Problem to solve: Transcribe, word for word, only the lines from the one containing "EcoJacaranda's tweet photo." through the end of the material below. Pictures stay out.

Extracted information:
########

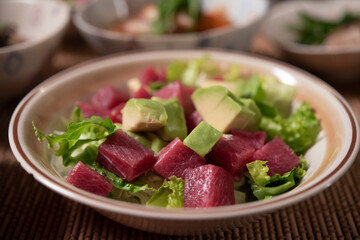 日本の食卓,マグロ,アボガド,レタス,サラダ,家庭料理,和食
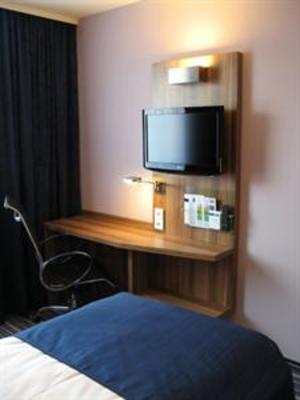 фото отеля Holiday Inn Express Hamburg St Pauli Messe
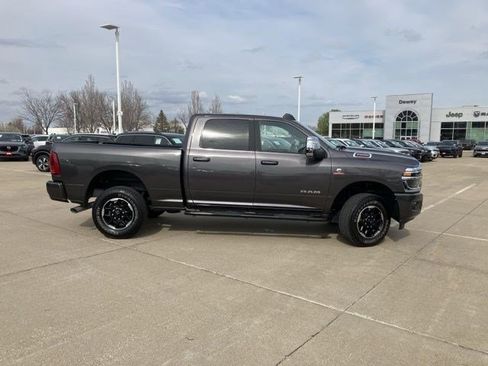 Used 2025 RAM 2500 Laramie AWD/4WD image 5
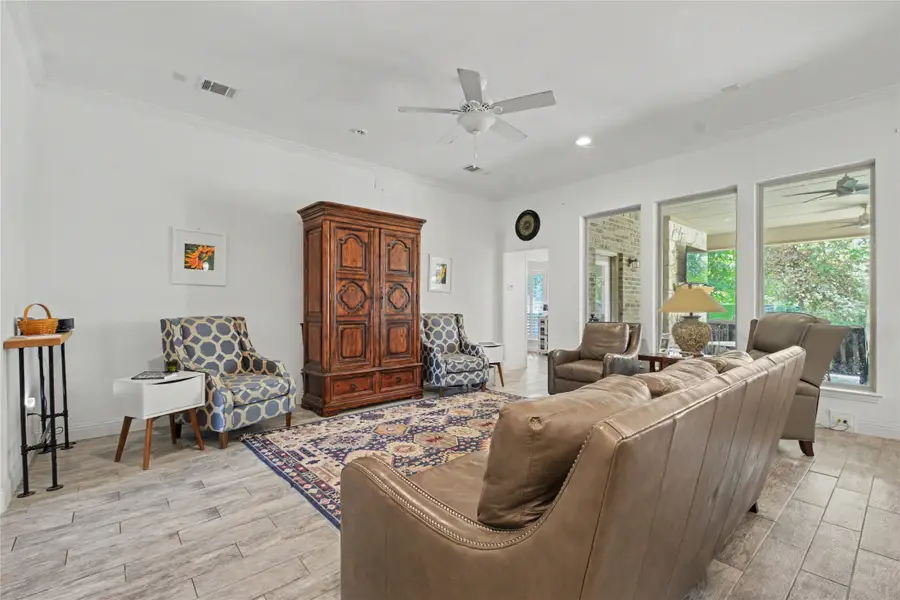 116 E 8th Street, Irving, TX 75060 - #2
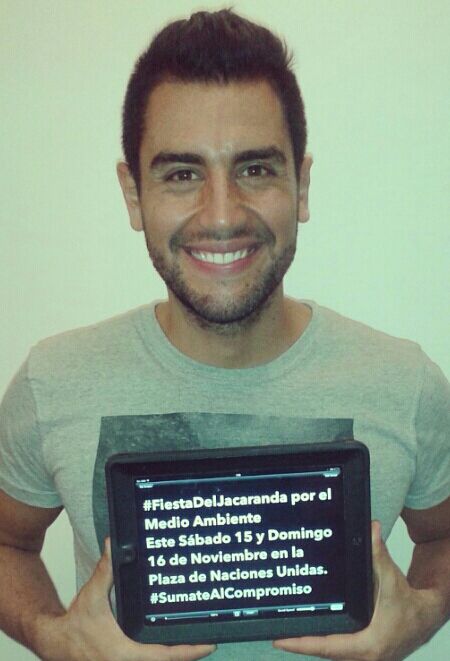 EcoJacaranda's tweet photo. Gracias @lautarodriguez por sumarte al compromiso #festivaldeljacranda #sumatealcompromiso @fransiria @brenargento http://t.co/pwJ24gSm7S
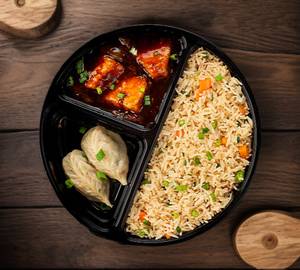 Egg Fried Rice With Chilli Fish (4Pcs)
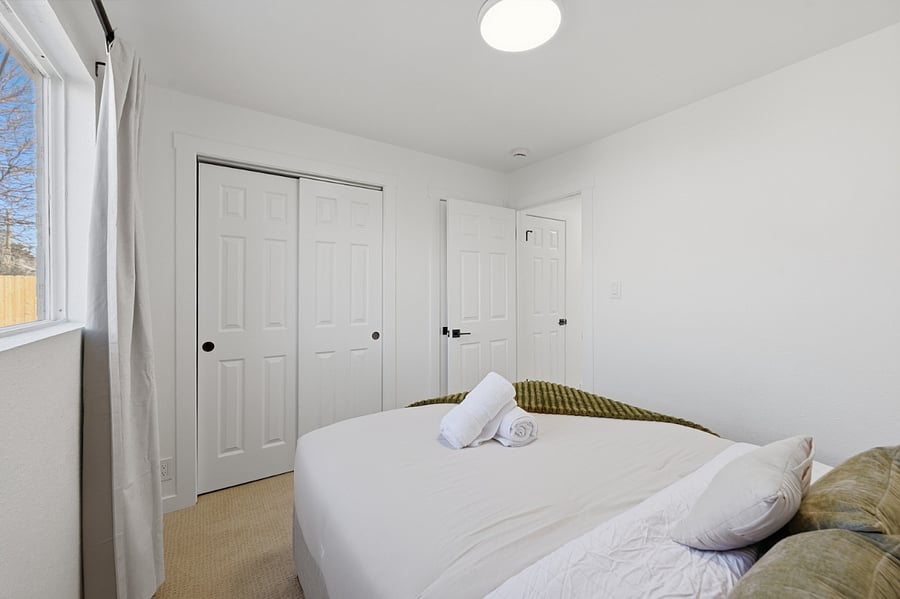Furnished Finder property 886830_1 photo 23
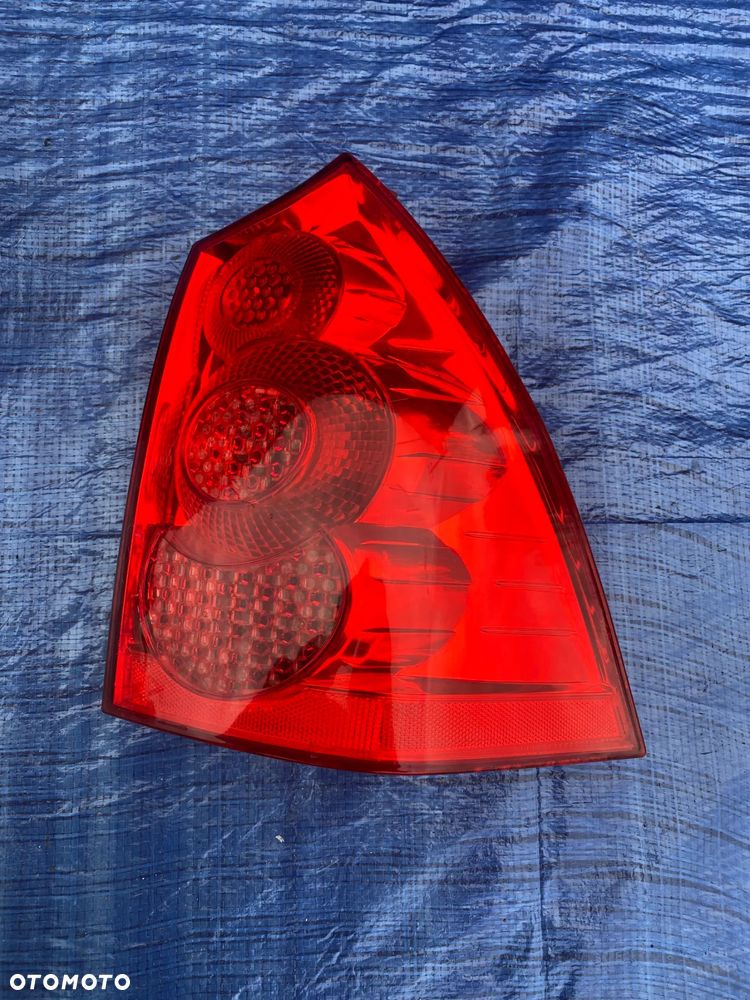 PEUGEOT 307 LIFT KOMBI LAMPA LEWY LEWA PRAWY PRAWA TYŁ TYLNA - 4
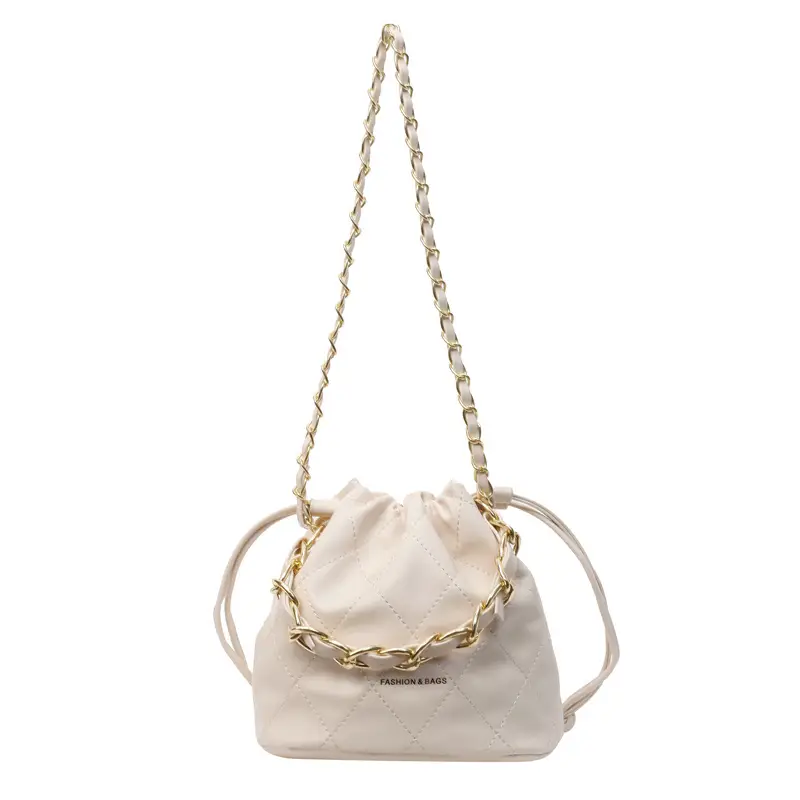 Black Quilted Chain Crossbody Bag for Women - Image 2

########

Solution:
 EcoJacaranda's tweet photo. Gracias @lautarodriguez por sumarte al compromiso #festivaldeljacranda #sumatealcompromiso @fransiria @brenargento http://t.co/pwJ24gSm7S
 Egg Fried Rice With Chilli Fish (4Pcs)
Furnished Finder property 886830_1 photo 23
 PEUGEOT 307 LIFT KOMBI LAMPA LEWY LEWA PRAWY PRAWA TYŁ TYLNA - 4
 Black Quilted Chain Crossbody Bag for Women - Image 2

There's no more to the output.